-- Instructions to follow --
Every line that contains the word "Package" should be copied from the records below.

[Supplied information — start]

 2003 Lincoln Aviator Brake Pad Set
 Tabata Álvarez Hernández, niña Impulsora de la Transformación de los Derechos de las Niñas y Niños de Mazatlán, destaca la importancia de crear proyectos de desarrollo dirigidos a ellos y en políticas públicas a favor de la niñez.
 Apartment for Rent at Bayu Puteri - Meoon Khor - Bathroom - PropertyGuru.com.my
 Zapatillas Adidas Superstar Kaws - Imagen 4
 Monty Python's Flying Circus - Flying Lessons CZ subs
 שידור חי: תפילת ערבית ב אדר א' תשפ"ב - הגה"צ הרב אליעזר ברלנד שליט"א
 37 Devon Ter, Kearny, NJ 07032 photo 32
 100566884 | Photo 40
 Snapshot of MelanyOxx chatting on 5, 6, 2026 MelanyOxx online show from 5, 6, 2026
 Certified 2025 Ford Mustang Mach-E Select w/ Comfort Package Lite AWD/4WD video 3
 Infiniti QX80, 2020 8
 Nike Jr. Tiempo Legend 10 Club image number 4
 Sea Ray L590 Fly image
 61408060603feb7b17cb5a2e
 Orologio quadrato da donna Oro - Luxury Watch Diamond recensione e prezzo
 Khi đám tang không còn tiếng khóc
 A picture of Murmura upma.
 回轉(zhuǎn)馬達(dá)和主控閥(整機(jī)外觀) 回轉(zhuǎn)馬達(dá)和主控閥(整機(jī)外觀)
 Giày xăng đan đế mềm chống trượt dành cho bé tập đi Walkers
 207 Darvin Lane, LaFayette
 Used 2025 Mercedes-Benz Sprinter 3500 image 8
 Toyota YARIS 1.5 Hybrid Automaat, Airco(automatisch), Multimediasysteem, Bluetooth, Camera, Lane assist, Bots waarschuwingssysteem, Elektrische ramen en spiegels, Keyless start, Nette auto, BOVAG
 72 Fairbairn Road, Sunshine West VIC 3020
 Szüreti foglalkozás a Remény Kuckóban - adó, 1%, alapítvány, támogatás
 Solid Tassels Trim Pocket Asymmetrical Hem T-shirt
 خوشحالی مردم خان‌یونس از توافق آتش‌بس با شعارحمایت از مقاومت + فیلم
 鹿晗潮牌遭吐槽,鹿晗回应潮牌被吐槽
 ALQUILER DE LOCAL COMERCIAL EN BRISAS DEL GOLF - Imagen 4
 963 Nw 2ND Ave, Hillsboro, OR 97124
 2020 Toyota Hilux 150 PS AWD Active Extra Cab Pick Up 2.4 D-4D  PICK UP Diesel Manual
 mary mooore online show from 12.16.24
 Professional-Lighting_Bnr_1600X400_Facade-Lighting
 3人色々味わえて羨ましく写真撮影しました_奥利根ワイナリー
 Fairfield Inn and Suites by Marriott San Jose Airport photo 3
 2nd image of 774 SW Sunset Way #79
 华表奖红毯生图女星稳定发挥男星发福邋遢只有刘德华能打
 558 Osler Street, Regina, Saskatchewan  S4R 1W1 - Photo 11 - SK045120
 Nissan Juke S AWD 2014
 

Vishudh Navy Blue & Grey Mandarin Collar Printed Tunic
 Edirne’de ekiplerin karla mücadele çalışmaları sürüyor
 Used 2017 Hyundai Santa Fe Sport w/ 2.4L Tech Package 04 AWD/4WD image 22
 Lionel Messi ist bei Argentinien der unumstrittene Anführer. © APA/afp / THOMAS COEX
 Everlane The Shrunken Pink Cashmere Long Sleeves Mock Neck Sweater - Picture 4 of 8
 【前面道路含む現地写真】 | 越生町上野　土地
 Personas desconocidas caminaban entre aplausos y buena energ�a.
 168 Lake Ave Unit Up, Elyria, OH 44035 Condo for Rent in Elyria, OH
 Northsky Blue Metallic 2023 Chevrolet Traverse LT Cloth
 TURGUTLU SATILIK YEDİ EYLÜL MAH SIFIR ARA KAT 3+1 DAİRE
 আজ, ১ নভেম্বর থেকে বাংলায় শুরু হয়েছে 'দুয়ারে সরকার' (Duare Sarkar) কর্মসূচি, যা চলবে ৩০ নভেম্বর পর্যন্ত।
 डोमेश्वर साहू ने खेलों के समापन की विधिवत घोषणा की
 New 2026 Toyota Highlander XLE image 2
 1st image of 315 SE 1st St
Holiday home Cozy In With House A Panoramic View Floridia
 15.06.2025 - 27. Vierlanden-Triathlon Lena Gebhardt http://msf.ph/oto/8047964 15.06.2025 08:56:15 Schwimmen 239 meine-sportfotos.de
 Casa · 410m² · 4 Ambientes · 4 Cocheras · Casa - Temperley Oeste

[Supplied information — finish]

-- Result of the task --
 Certified 2025 Ford Mustang Mach-E Select w/ Comfort Package Lite AWD/4WD video 3
 Used 2017 Hyundai Santa Fe Sport w/ 2.4L Tech Package 04 AWD/4WD image 22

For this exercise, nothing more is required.